To that end, here are 10 questions you should answer before having a conversation with another firm:

  1. What principal characteristics of your existing culture are most important to you. A lack of cultural compatibility is difficult, if not impossible to overcome, and one of the reasons so many combinations fail.
  2. In what rate tier do your clients exist. A lack of similarity in realized rates drives conflicts in staffing client files, compensation and a host of other critical law firm areas.
  3. What additional expertise (whether new to your firm or additional depth in existing areas) will allow your firm to make desired progress in targeted areas of growth.
  4. What are your key financial metrics. A good merger partner will have economic metrics that are similar to yours (of course unless your firm is failing). Metrics significantly different from yours — whether better or worse — will lead to painful pressure for one party or the other on rates, hours and retention.
  5. What aspects of your current compensation system do you most value. Merging with a firm with a significantly different approach to compensation will almost certainly result in a different relative treatment among your existing partners, possibly with unexpected negative consequences.
  6. What size of merger target best serves your firm’s goals? Questions like are you comfortable being a small outpost of a mega firm, or even small relative to your merger partner are good questions to think about. The greater the size disparity in a combination the less “say” the smaller firm will have in future decisions.
  7. Is your firm facing succession issues? If so in what specific way would you like to see a merger partner solve those issues?
  8. In addition to your existing footprint, what additional geographic presence would bring value to your firm, and why?
  9. What type of governance are you and your partners most comfortable with. Firms are governed in a range of ways, from very democratic to tremendous authority being vested in a few. It is important to know in advance what you are comfortable with and what is off-the-table in terms of governing options.
  10. What level risk do you think is reasonable? Risk in a law firm includes bank debt, partner turnover, unfunded pension plans, pending or threatened litigation and loss of key clients. Understanding your risk-tolerance is key to a successful merger.

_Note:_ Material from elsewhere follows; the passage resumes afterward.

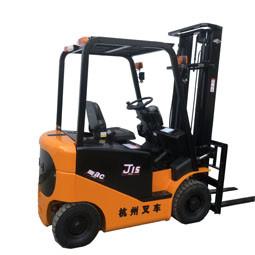 Wholesale HANGCHA 1.5 Ton Used Electric Forklifts 3m Lifting Height 1500KG Load Capacity from china suppliers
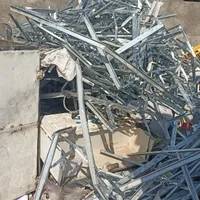 خریدار ضایعات شرکت ها وکارخانه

The answers to these questions, and the impact the answers will have on your approach to a merger possibility will vary depending on whether you are acquiring or being acquired; but the greater the variance between how you feel with respect to these 10 issues, and the reality of the world you’re considering will be a predictor of the success of the combination.

If a strategic merger is in your future, smart leaders will engage in identifying the things that are most important to their partners; far too many mergers occur without defining in advance what a firm is seeking, and why.

Written by:

Hayse LLC
Contact
more
less

Hayse LLC on:

Reporters on Deadline

"My best business intelligence, in one easy email…"

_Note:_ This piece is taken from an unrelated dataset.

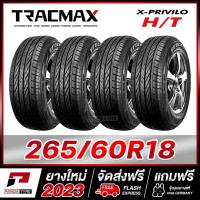 ราคา TRACMAX 265/60R18 (ยางขอบ18) รุ่น X-PRIVILO H/T x 4 เส้น (ยางใหม่ผลิตปี 2023) (2487603920)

Your first step to building a free, personalized, morning email brief covering pertinent authors and topics on JD Supra:
*By using the service, you signify your acceptance of JD Supra's Privacy Policy.
Custom Email Digest
- hide
- hide

This website uses cookies to improve user experience, track anonymous site usage, store authorization tokens and permit sharing on social media networks. By continuing to browse this website you accept the use of cookies. Click here to read more about how we use cookies.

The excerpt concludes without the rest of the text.